Se l’investimento nelle azioni della propria squadra del cuore è in questo periodo di emergenza coronavirus a rischio elevato, quello nelle obbligazioni non è da meno. Infatti, così come per i bond di qualsiasi altra società, anche nello sport la differenza di prezzo tra chi compra e chi vende è così ampia che non si riesce a chiudere la transazione. Se l’emergenza non permetterà ai campionati e alle coppe di terminare, le società saranno in forte stress finanziario a causa dei pagamenti dei diritti televisivi che potrebbero essere interrotti.

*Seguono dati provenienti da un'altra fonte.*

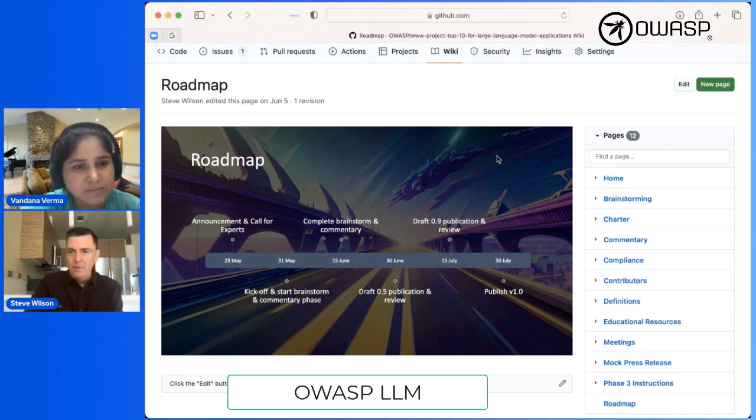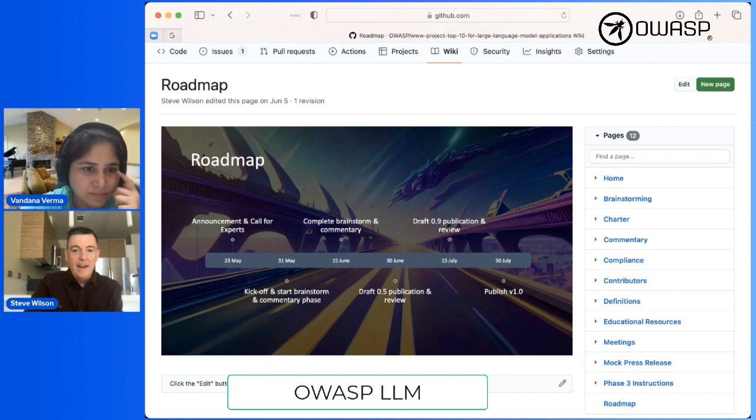At one point we had 43 suggested entries for the Top 10. We went through rounds of voting with everyone involved and narrowed it down to a top 10. Now we're really in the process of tuning and polishing it. It's not too late to jump in. We also know this isn't a one-and-done thing — just like all OWASP Top Tens, we expect it to mature and change over time, and we want to build a community capable of supporting and updating it in this fast-moving space.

A fronte di questi mancati introiti le uscite potrebbero perlopiù essere spese legate agli spostamenti, alla manutenzione dello stadio e agli stipendi dei giocatori che potrebbero essere rinegoziati, oppure a quelle di natura fiscale che beneficerebbero di un rinvio o ancora meglio di uno sconto sulla base della proposta che verrà indirizzata al Governo dalla Federazione. Diverso è il caso di posticipo del campionato che comporterebbe un semplice rinvio dei flussi di cassa e non dovrebbe rappresentare un problema per i club più solidi.
Come valutare però il rischio di un’obbligazione? Uno dei parametri “guida” che i mercati finanziari riconoscono è il rendimento (gli altri sono la liquidità, il cambio e la solidità dell’emittente): più è alto, più l’investimento viene percepito rischioso dal mercato. E nel caso dei bond delle società calcistiche europee il rendimento è sensibilmente aumentato dall’esplosione del contagio in Italia. Il rischio principale che si corre dunque in questo tipo di bond è che in caso di vendita anticipata (cioè prima della naturale scadenza), si potrebbe incorrere in un deprezzamento del titolo in conto capitale e non riottenere dunque quanto inizialmente investito.
Le emissioni delle società di calcio italiane hanno tutte la peculiarità di essere riservate alle controparti qualificate e alla clientela professionale, prevedono quindi espressamente il divieto di vendita ai clienti retail. «I rendimenti delle emissioni delle società calcistiche europee – spiega Vincenzo Cagnetta, analista e consulente finanziario autonomo di Studio Enca – sono decisamente più elevati rispetto ai BTp di pari scadenza e ciò indica l’elevata rischiosità di questi strumenti, aggravata anche dal fatto che le condizioni di liquidità rimangono difficili sulla maggior parte delle emissioni. Le misure appena adottate dalla Bce non saranno di grande aiuto, senza l’adozione di misure fiscali significative, per combattere il calo dell’attività economica. Questo soprattutto in un settore – continua il consulente indipendente – come quello del tempo libero che tendenzialmente risente più dei livelli di attività che non del costo degli interessi. In queste condizioni di forte stress il livello di indebitamento e l’importanza del brand saranno fattori cruciali per valutare la capacità di superare una crisi economica e di crescere nella successiva fase di recupero.
A ogni modo – conclude Cagnetta – si tratta di un investimento sconsigliato agli investitori retail per cui è importante sempre tener presente che bisogna avere un approccio al rischio equilibrato, privilegiando oggi più che mai l’esposizione a quelle emissioni di qualità e seniority superiore».